Genetic analysis yields new insights into PTSD
Attempts to identify the genetic causes of neuropsychiatric diseases such as post-traumatic stress disorder (PTSD) through large-scale genome-wide analyses have yielded thousands of potential links. The challenge is further complicated by the wide range of symptoms exhibited by those who have PTSD. For instance, does extreme arousal, anger, or irritation experienced by some have the same genetic basis as the tendency to re-experience traumatic events, another symptom of the disorder?
A new study led by researchers at Yale and the University of California-San Diego (UCSD) provides answers to some of these questions and uncovers intriguing genetic similarities between PTSD and other mental health disorders such as anxiety, bipolar disorder, and schizophrenia.

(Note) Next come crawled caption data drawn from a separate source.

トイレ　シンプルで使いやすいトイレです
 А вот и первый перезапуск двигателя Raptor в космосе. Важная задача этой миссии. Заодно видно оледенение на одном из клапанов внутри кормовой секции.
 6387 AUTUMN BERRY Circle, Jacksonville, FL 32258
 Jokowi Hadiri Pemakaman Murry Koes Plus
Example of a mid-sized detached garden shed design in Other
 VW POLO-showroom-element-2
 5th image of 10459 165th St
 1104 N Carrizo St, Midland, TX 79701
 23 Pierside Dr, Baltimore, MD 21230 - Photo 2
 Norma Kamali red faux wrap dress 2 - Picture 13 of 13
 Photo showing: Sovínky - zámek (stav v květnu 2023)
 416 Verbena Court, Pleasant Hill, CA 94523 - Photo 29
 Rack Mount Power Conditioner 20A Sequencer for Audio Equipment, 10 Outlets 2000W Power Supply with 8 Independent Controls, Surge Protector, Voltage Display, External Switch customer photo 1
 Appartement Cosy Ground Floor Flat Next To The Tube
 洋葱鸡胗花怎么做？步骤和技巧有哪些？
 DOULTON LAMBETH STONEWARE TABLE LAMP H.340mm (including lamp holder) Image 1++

The findings also suggest that existing drugs commonly used for other disorders might be modified to help treat individual symptoms of multiple disorders.
“The complexity is still there, but this study helped us chip away at it,” said co-senior author Joel Gelernter, the Foundations Fund Professor of Psychiatry and professor of genetics and neurobiology at Yale.
For the study, the researchers analyzed the complete genomes of more than 250,000 participants in the Million Veteran Program, a national research program of the U.S. Veterans Administration that studies how genes, lifestyle, and military experiences affect the health and illness of military veterans. Among those participants were approximately 36,000 diagnosed with PTSD.
But instead of looking just for gene variants shared by PTSD patients, they also searched for variants that have been linked to three kinds of clinical symptoms that are experienced, to varying degrees, by those diagnosed with the disorder. These symptom groups, or “subdomains,” include the re-experience of a traumatic event, hyperarousal or acute anger and irritability, and the avoidance of people or subjects that might be related to past trauma.
While the researchers found underlying genetic commonalities among all three symptom groups, they also discovered specific variants linked to only one or two of the symptoms.
“We found a remarkably high degree of genetic relatedness between these three symptom subdomains. But we also wouldn’t expect them to be genetically identical, and they are not,” Gelernter said. “We found biological support for different clinical presentations of PTSD.”
The research also showed that some these variants found in subgroups of patient symptoms are also linked to other disorders such as major depression. The results suggest drugs used to treat other disorders might also help treat of PTSD.
“Our research pointed to some medications that are currently marketed for other disease states and could be repurposed for PTSD,” said co-senior author Murray Stein, Distinguished Professor of Psychiatry and Public Health at UC-San Diego.
Intriguingly, some of the variants linked to all PTSD symptoms have been associated with other neuropsychiatric disorders. For instance, PTSD-associated variants of the gene MAD1L1, which helps regulate cell cycling, have also been linked to schizophrenia and bipolar disorder.
“These observations, and the recent finding of GWS [genomewide-significant] association with anxiety suggest that MAD1L1 may be a general risk factor for psychopathology,” the authors write.